[Exercise brief]: Find the line with "Skoda Superb 1.6 TDI Active Greenline - 9" in the entries below. Repeat it, every following line, and the line with "Used 2018 Toyota Camry XLE image 13", exactly and with nothing added.

[Recorded information]:
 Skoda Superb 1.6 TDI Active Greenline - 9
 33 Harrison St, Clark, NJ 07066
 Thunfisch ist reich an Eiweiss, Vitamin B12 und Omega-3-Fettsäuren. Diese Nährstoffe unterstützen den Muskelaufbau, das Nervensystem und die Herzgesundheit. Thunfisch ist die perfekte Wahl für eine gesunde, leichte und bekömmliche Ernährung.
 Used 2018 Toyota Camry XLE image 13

--

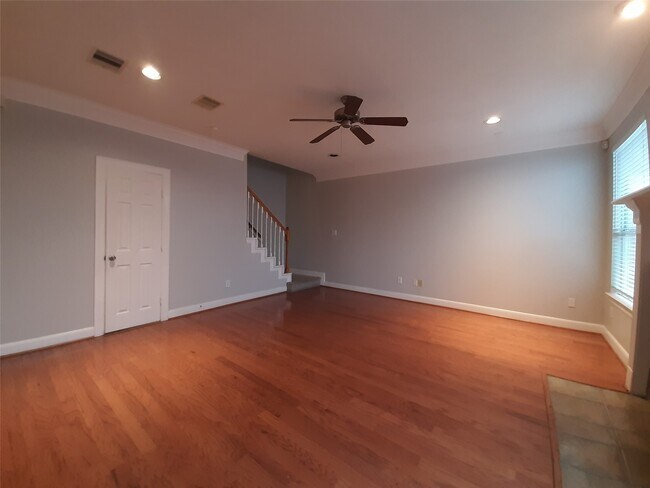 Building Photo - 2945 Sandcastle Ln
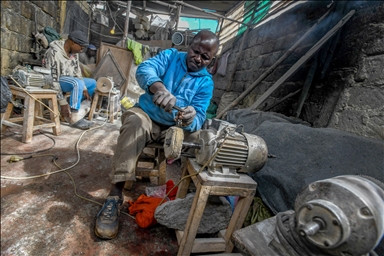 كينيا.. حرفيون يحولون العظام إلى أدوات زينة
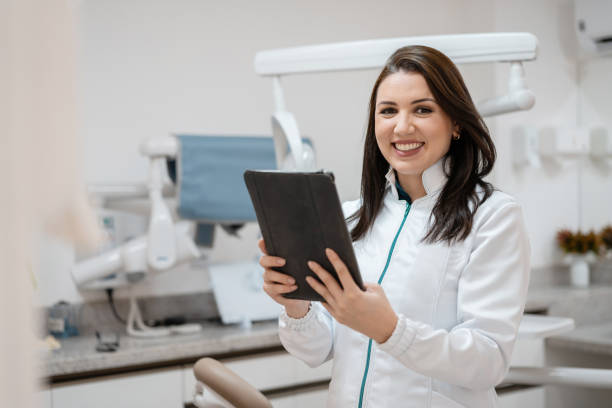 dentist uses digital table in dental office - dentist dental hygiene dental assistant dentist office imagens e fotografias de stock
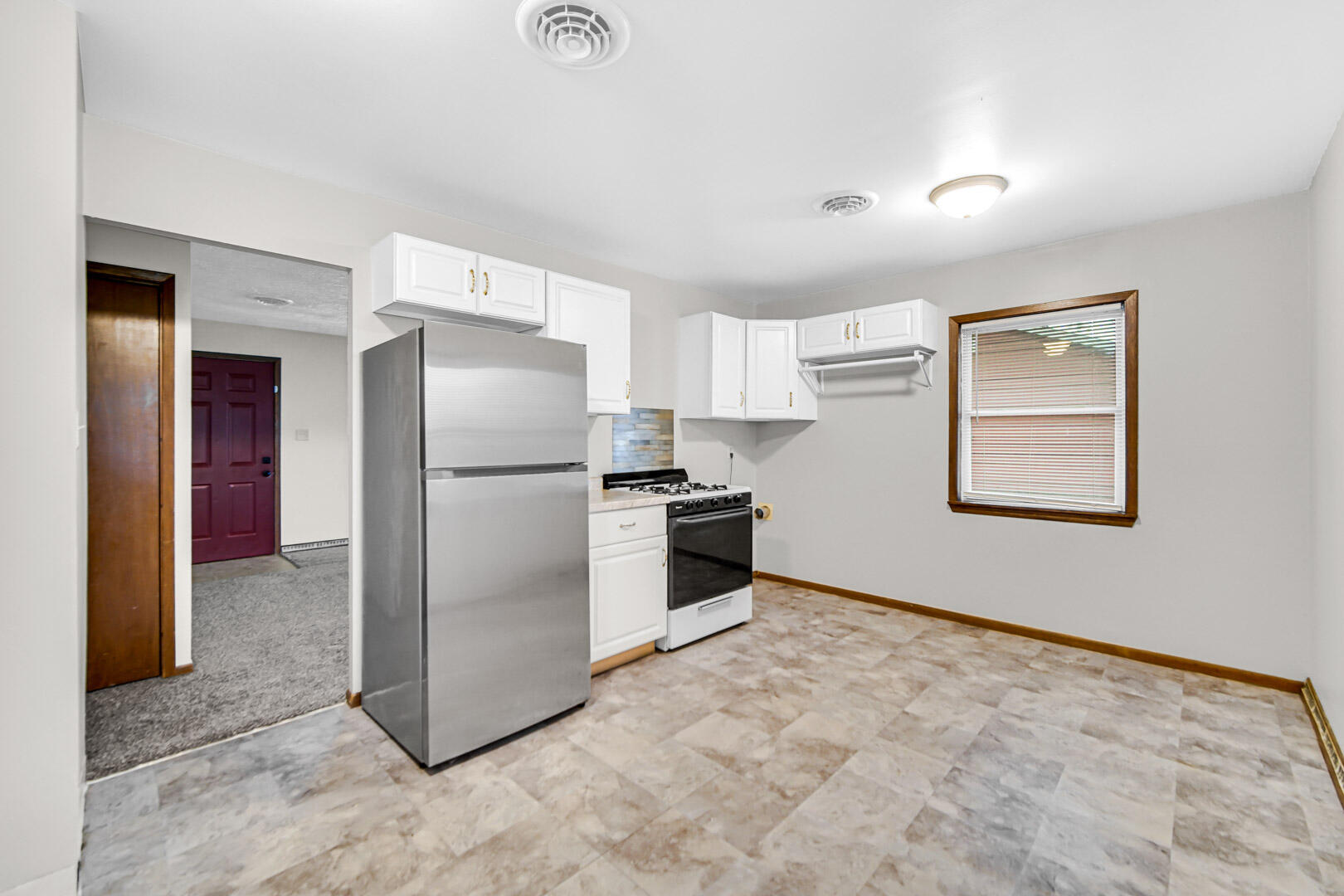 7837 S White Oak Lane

[Your solution]:
 Skoda Superb 1.6 TDI Active Greenline - 9
 33 Harrison St, Clark, NJ 07066
 Thunfisch ist reich an Eiweiss, Vitamin B12 und Omega-3-Fettsäuren. Diese Nährstoffe unterstützen den Muskelaufbau, das Nervensystem und die Herzgesundheit. Thunfisch ist die perfekte Wahl für eine gesunde, leichte und bekömmliche Ernährung.
 Used 2018 Toyota Camry XLE image 13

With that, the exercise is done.